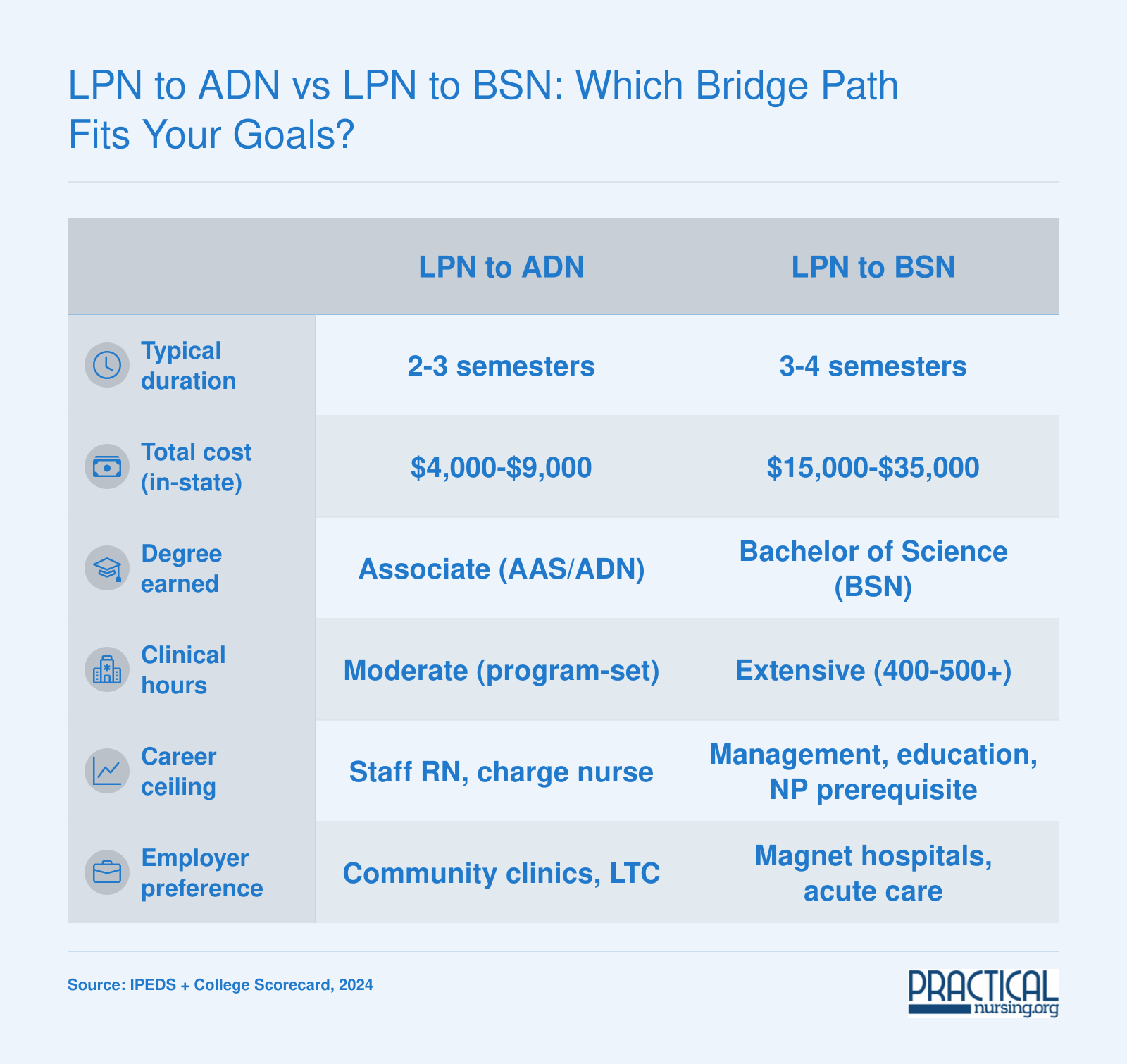 Side-by-side comparison of LPN to ADN and LPN to BSN bridge paths across duration, cost, degree, clinical hours, career ceiling, and employer preference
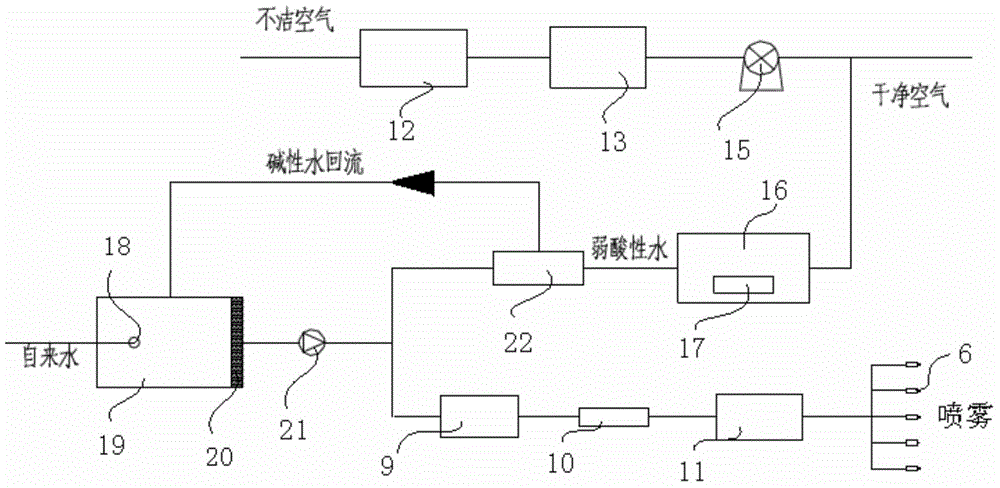 Urban PM2.5 treatment process, urban PM2.5 treatment device and application thereof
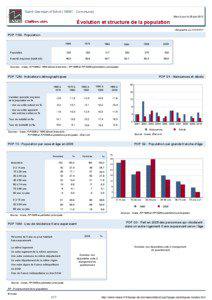 Dossier local - Commune - Saint-Germain-d Ectot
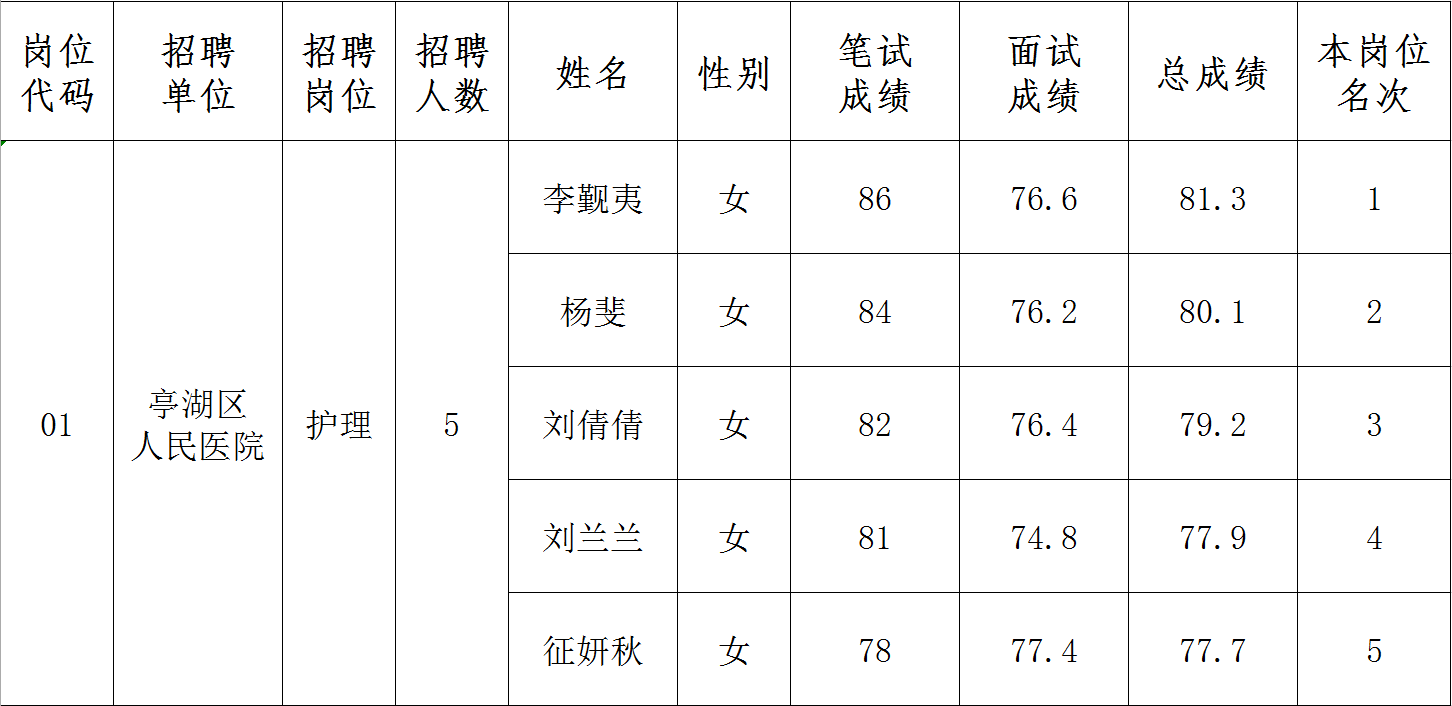QQ图片20220314165951.png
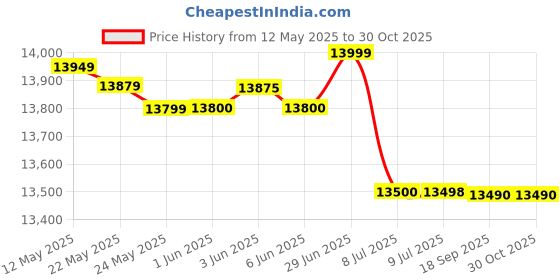 flipkart.com havells 85 L Desert Air Cooler havells Price History Graph from 12 May 2025 to 29 Oct 2025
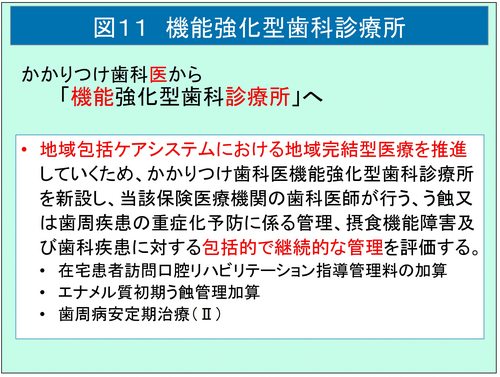 かかりつけ医（ウェブ用図表2）-11.jpg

****************************************

### WHAT TO WORK ON
Return the data above in its exact wording, with none of the pictures.

### RESULT OF THIS TASK
 Side-by-side comparison of LPN to ADN and LPN to BSN bridge paths across duration, cost, degree, clinical hours, career ceiling, and employer preference
 Urban PM2.5 treatment process, urban PM2.5 treatment device and application thereof
 Dossier local - Commune - Saint-Germain-d Ectot
QQ图片20220314165951.png
 flipkart.com havells 85 L Desert Air Cooler havells Price History Graph from 12 May 2025 to 29 Oct 2025
 かかりつけ医（ウェブ用図表2）-11.jpg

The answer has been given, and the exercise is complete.